Justas Janauskas was once told to always follow his gut. It was, he says, the worst business advice he’s ever received. Why? Because instinct and ego can easily be confused.
If you don’t know Janauskas you will almost certainly know Vinted, the online marketplace he co-founded with Milda Mitkute in the early noughties.
Vinted, which profits from allowing its users to sell second-hand clothes, has had a decent run over the years — a success Janauskas says was mostly due to luck, or good timing.
Let me set the scene: Vinted was founded in 2008, during the relatively early days of the internet in Lithuania. Back in the day, there was little choice on the web, and every new idea or website was considered cool. Today, Vinted is a member of Europe’s tech unicorn club.
“Once we launched, we received traction immediately. The product and market fit was an instant hit, and our user base grew exponentially. Timing, the fact it was a fresh idea, the recession, and other factors played a key role too,”Janauskas tells Growth Quarters.
This, by the way, is the kind of success that most seasoned professionals launching an entirely new proposition to market can only dream of.
Typically, entrepreneurs struggle for years to get productmarket fit and even when they do achieve it, only a lucky few get to see their offering out in the wild.
Over the years, Vinted has gone beyond its home country, reaching consumers across several different countries — including Germany (where it operates under the brand Kleiderkreisel) and the United States — but its expansion wasn’t always smooth sailing.
At the end of 2014, Vinted’s trajectory was severely disrupted after the team implemented the wrong monetization model, which “thwarted the growth of the company” and led to what Janauskas says was the “most difficult” 18 months of his career to date.
“It wasn’t something we had experienced before and it was one of the biggest challenges for me. We had two options: either keep the current model as it was and lose our customers or flip back to the free model, become uninvestable, and run out of cash,” he says.

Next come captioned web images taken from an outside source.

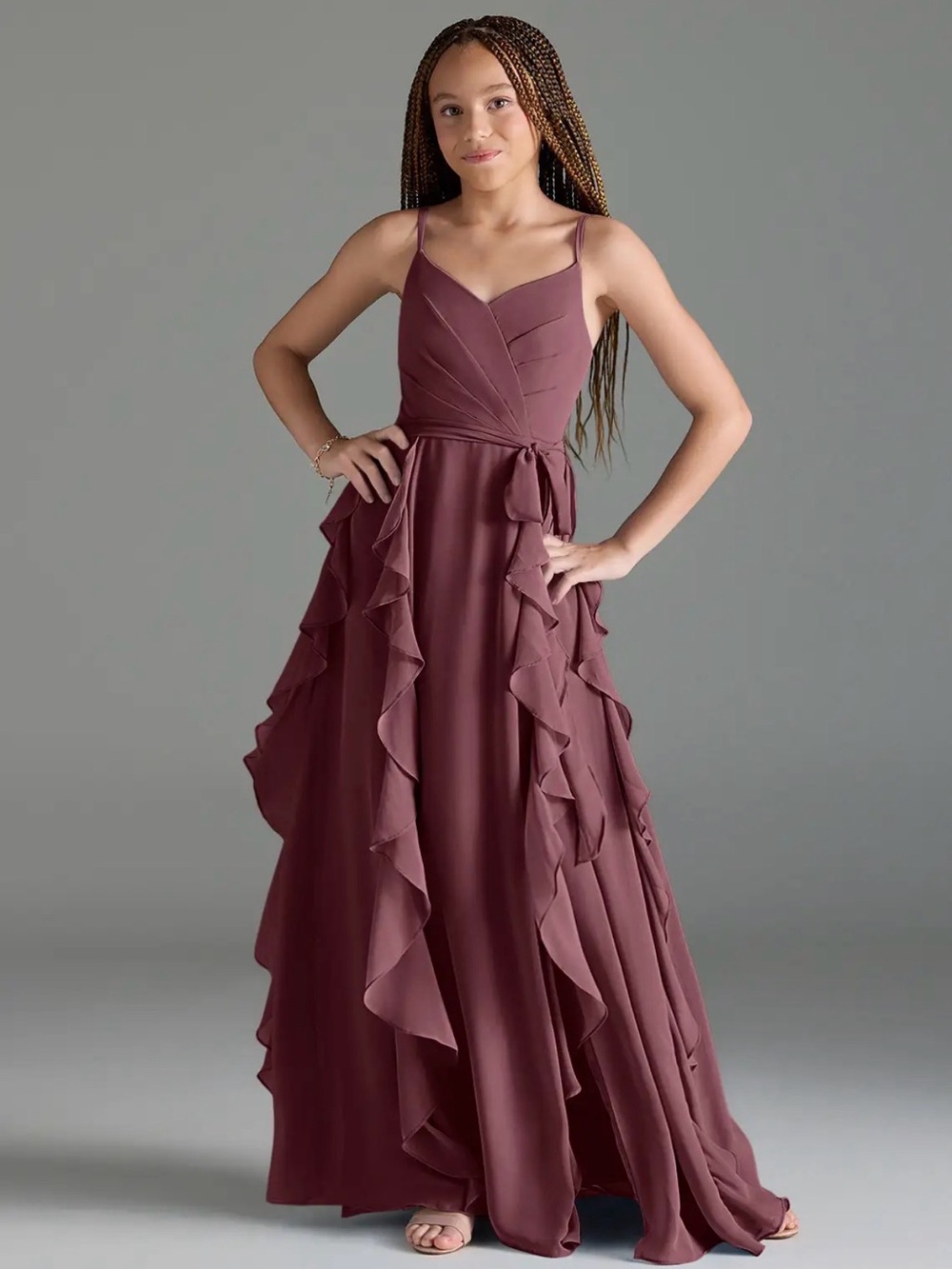 Azazie Mauve Ruffle-Trim Spaghetti Strap Formal Dress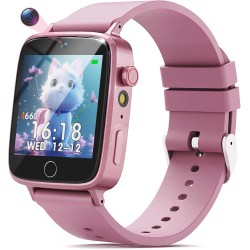 Montre intelligente pour filles de 4, 5, 6, 7, 8, 9, 10 ans, montre intelligente pour enfants avec 26 jeux de puzzle, écran tactile HD, lampe de poche, cartes d'apprentissage, livre audio, jouets pour tout-petits, cadeaux d'anniversaire de Noël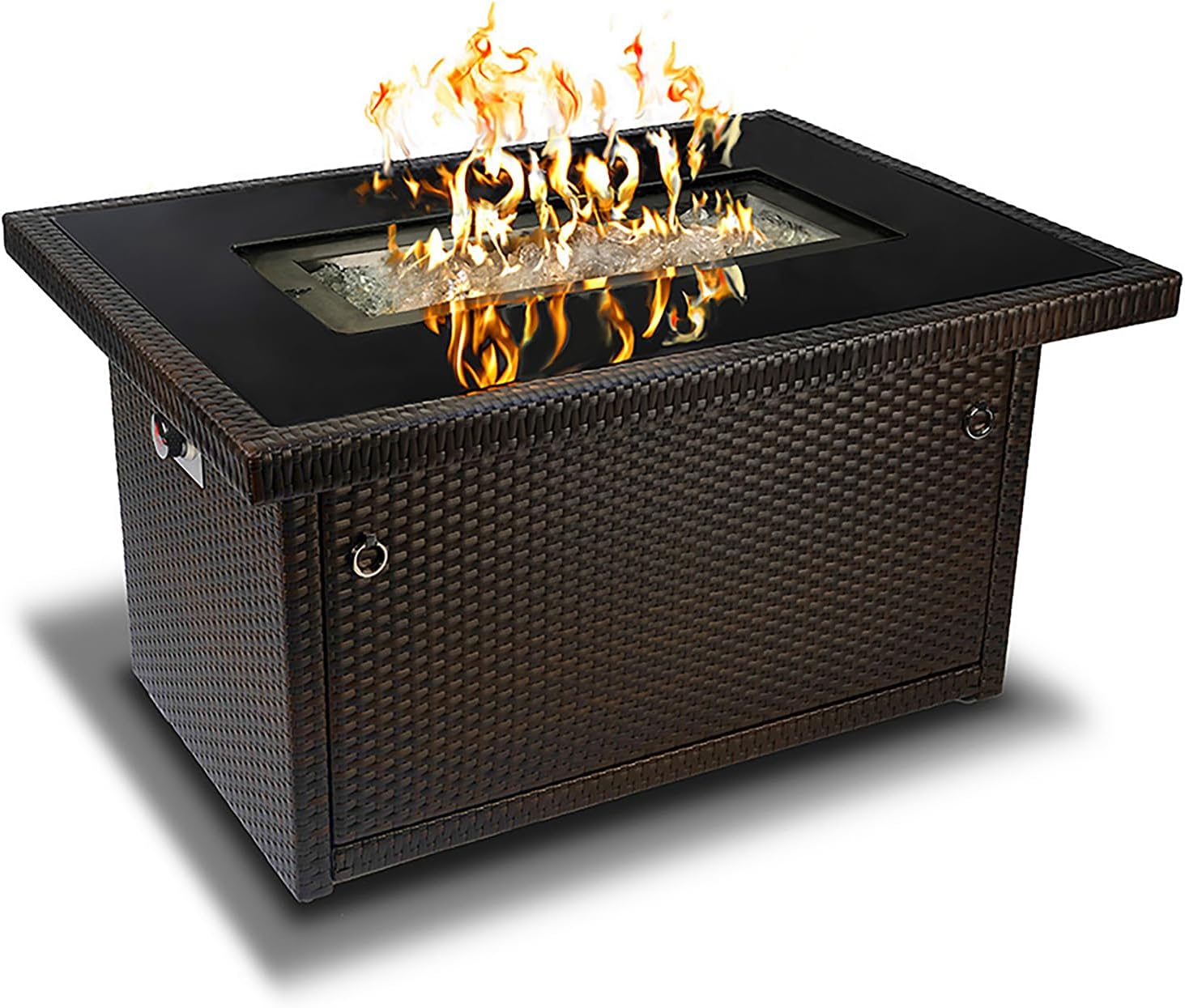 Outland Living Series 403 Fire Table – 44″ 50,000 BTU Outdoor Propane Gas Fire Pit Table with Tempered Glass Top & Arctic Ice Decorative Glass Rocks, Espresso Brown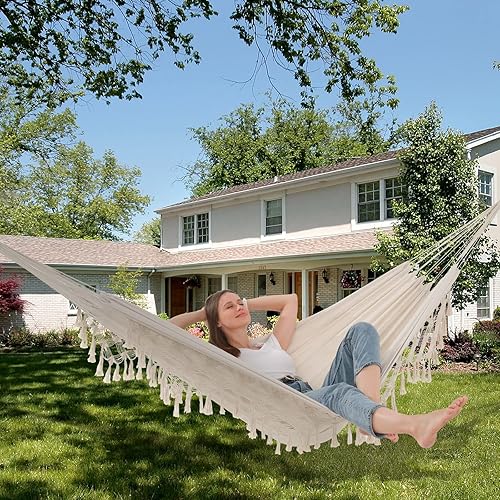 Miniatura 8 de Hamaca colgante doble máximo 500 libras macramé para interiores y exteriores, patio, jardín (beige)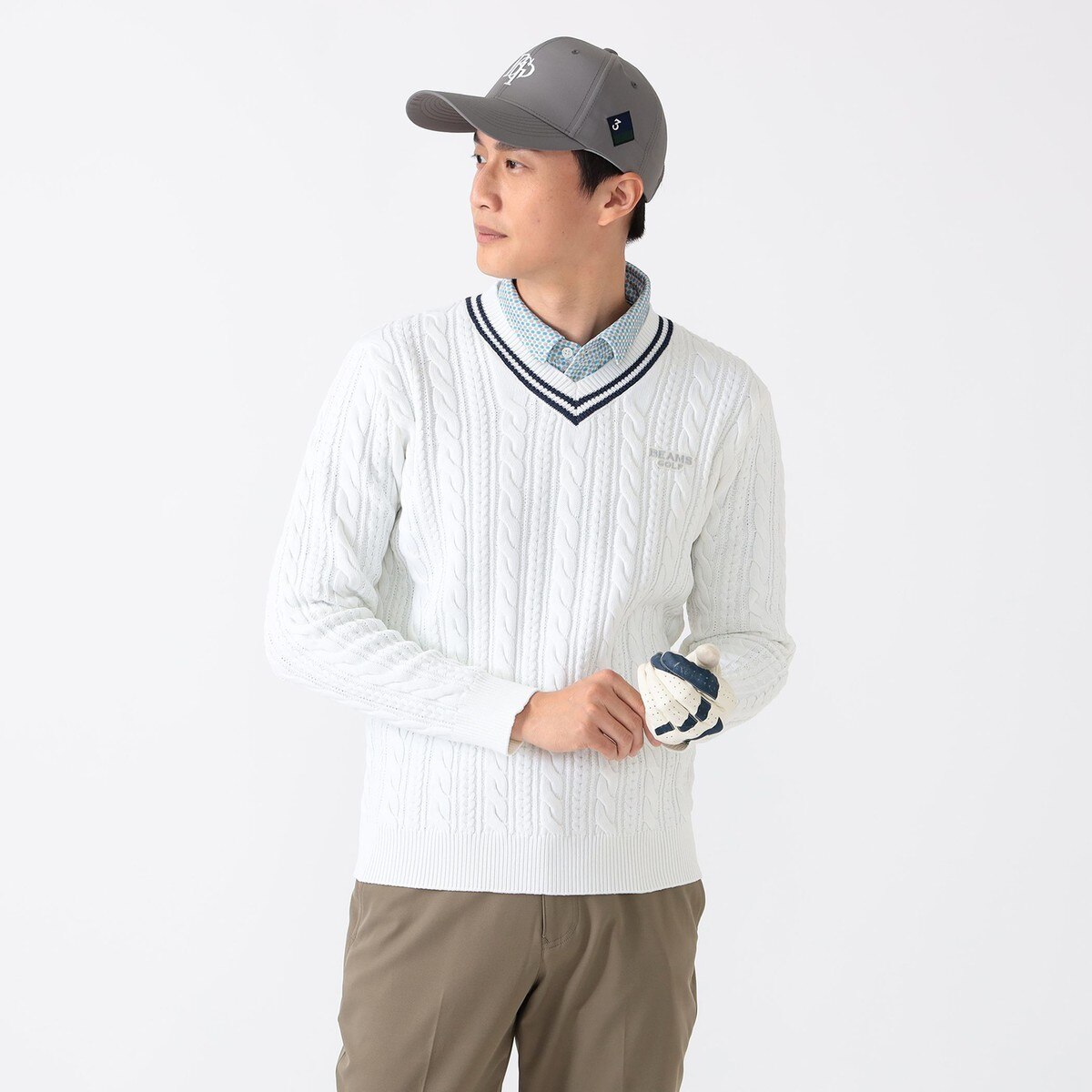 PURPLE LABEL ケーブル編 チルデン Vネック セーター(中間着(セーター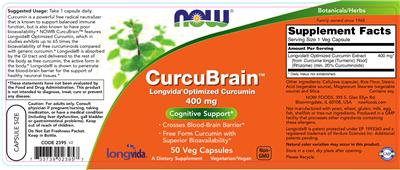 Photo of the NOW CurcuBrain 400 mg label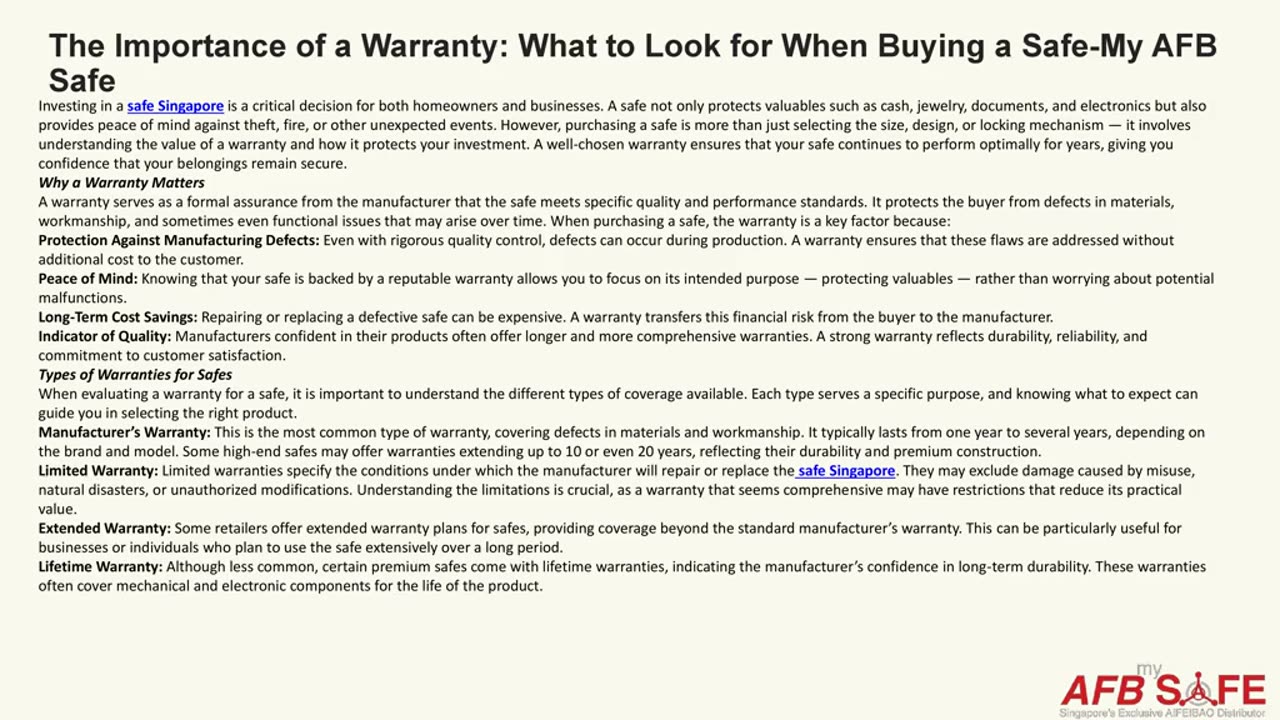 The Importance of a Warranty: What to Look for When Buying a Safe-My AFB Safe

Inexperience is one of the biggest risks
Lack of experience played a vital role in the team’s wrong decision. “We looked at how other players in the industry were monetizing and copied the most straightforward approach for Vinted. Before rolling out everywhere, we tested the model in a few smaller markets and got relatively good results,” the entrepreneur says.
“We then rolled out to our main market which was 80% of the entire user base. We saw a very different market response — it was very negative,” Janauskas adds, admitting he struggled to accept they’d made a mistake.
In an attempt to mitigate the damage, the team tried to explain their rationale to Vinted’s customer base. They filmed videos, Janauskas himself communicated with users in forums, they invested in PR, but it was too late: “Users were leaving Vinted for other platforms.”
Eventually, and admitting defeat, Janauskas found someone who helped him create a different monetization model that, combined with an aggressive growth strategy, solved the problem.
Now, Janauskas has moved on to pastures new. In 2018, he co-founded Qoorio, a knowledge-sharing app, alongside Gabija Grušaitė.
Qoorio’s mission is simple: it’s building a community for humans to share life learnings and knowledge — an extremely powerful and useful exercise in entrepreneurial circles.
The fear of failure lingers despite success
Despite Vinted being a success, Janauskas admits he wasn’t immune to insecurity when he turned his sights to Qoorio — proving that fear of failure never actually goes away, we just change the goal post it’s projected against.
“I had different fears at different times: shall I really start this business? What if the concept doesn’t stick? Will I be able to find enough engineers to turn my vision into reality? What if I can’t raise investment quickly enough?”
Setting up Vinted and Qoorio have been two entirely different experiences. The markets are different, Janauskas is different, his skills are different, and the way he operates is different. “I went back to square one and started everything over again,” he says.
Serial entrepreneurs abound in the business world, but do they know when it’s time to move on and start a new business?
For Janauskas is all about a change in mindset. “Once you start having existential thoughts about the purpose of life and spend too much time doing nothing — that’s a good sign that you should start something new.”
“The other thing I found was when you stop thinking about your previous business, that’s when you know it’s in good hands and are freer to move on to the next thing,” he adds.
His advice is simple: be humble, be curious, and take care of your mental health during difficult times. And if you need extra motivation, make sure you have a dream in mind and are working towards something specific.
“I love building successful unicorns, learning new things about people and myself and adapting from difficult situations. So my advice would be to have an end-goal in mind,” Janauskas concludes.